Figures & data
Figure 1. Representative compounds with anti-prion aggregation activity.
Scheme 1. Synthesis of 7a–7y with various Ar and R groups. Reagents and conditions: (A) H2SO4, EtOH, reflux, (B) H2NNH2H2O, EtOH, 80 °C, (C) H2N-NHt-Boc, HOAt, EDCl, NaHCO3, DMF, (D) 4 N HCl, dioxane, (E) CSCl2, Et3N, THF, 0 °C, (F) EtOH, r.t.
Scheme 2. Synthesis of analogues with modifications in thiosemicarbazide moiety of 7a. Reagents and conditions: (A) NH2NHBoc, Et2O, r.t., 1 day, 70%, (B) H2, Pd/C, MeOH, (C) (i) 4 N HCl-dioxane, 0 °C, 4 h, (ii) 11, Et3N, EtOH, r.t., 4 h, 20%, (D) NH2NHCH3⋅H2SO4, Et3N, EtOH, reflux, 5 days, 46%, (E) 11, EtOH, r.t., 4 h, 36% (for compound 14), 77% (for compound 16), (F) H2SO4 or HCl, EtOH, 0 °C → r.t., 2 h, 41%.
Figure 2. Area under the curve (AUC) of fluorescence curves obtained from PAFA. (A) vehicle condition. (B–E) Representative fluorescence curves by 7f, 7g, 7x, 7y, and 14, respectively. (F) Anti-prion activity of the compounds measured by PAFA. AUC is expressed as mean ± SEM of independent experiments (n = 9). Veh = vehicle condition where DMSO was treated instead of 100 µM compounds.
Figure 3. Potential cyclic structures through an internal hydrogen bond in 7x and 7y.
Figure 4. Activity of compounds to inhibit PAFA and dose–response curves. (A) PAFA with different concentrations of the compounds. The multiple PAFA reactions (n = 3) were performed and the mean of each data point was plotted. (B) Dose–response curves of the compounds based on mean AUC of each concentration from independent experiments (n = 3).
Figure 5. Biophysical states of PrP aggregates from PAFA. (A) PAFA with vehicle, positive control (SGI-1027), negative control (7b), and active compounds (7x and 7y) at 10 µM each. The multiple PAFA reactions (n = 3) were performed and the mean of each data point was plotted. (B) SDD-AGE analysis of the reaction products of PAFA shown in panel A. M, molecular weight size marker; PrP, recPrP monomer form; Veh, vehicle. (C) Micrographs of the reaction products of PAFA shown in panel A by AFM. Dotted rectangles were magnified and displayed below.
Figure 6. Activity of compounds to disassemble pre-existing aggregates. (A) Disaggregation curves of vehicle, negative control (7b), 7x, and 7y at 100 µM concentration. (B) Dose-dependent curves of 7x and 7y at different concentrations.

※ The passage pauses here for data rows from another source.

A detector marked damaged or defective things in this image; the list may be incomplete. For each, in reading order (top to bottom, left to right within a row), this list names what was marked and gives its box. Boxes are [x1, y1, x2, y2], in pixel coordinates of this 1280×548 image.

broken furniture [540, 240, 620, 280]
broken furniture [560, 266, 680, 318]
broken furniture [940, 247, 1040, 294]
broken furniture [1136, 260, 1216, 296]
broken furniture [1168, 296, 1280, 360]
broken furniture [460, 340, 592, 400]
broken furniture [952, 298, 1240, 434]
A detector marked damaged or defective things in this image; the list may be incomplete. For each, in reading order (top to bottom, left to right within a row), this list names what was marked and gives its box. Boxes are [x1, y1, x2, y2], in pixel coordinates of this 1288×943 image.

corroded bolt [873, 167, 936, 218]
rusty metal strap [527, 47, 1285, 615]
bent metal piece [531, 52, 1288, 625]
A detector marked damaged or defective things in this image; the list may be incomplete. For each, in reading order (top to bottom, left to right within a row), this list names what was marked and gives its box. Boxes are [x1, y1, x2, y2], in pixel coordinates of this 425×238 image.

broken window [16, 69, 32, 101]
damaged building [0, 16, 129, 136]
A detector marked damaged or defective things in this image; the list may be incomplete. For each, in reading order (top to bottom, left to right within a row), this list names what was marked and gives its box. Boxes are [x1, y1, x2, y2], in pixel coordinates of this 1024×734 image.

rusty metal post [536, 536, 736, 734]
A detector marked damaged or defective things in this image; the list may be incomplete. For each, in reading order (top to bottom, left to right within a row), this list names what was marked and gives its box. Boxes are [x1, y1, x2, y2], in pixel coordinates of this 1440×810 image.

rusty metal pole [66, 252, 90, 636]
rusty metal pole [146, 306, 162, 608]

Arrows indicate the time point of compound treatment. The multiple disaggregation reactions of PAFA products (n = 3) were conducted and the mean of each data point was plotted.
Figure 7. Activity of compounds to inhibit RT-QuIC and dose–response curves. (A) RT-QuIC assay at different concentrations of 7x and 7y. The assay was performed using mouse recPrP and 5x1 0 −6 diluted RML-ill mouse brain homogenates. Each concentration line represents mean of multiple RT-QuIC reactions (n = 3). (B) Dose–response curves of the compounds based on AUC of each concentration from independent experiments (n = 2).
Figure 8. Activity of compounds to inhibit RT-QuIC performed with prions of various sources. Each RT-QuIC assay was performed using bank vole recPrP in the presence of 100 µM 7x and 7y. The prion seeds were 5 × 10−6 diluted brain homogenates of RML-ill mice, Hyper-ill Syrian hamsters and a CJD patient. Each concentration line represents mean of independent experiments (n = 3).
Figure 9. Cytotoxicity and anti-prion activity of compounds in ScN2a cells. (A) Cytotoxicity of 7x and 7y. The MTT assay were performed (n = 3) and the mean was plotted. (B) Western blots of PK-resistant PrPSc in the cells incubated with 7x and 7y. β-actin was used as a loading control. Western blotting was performed multiple times (n = 4). The PrPSc level of each blot was quantified by densitometry and the means were plotted. ***p < 0.01.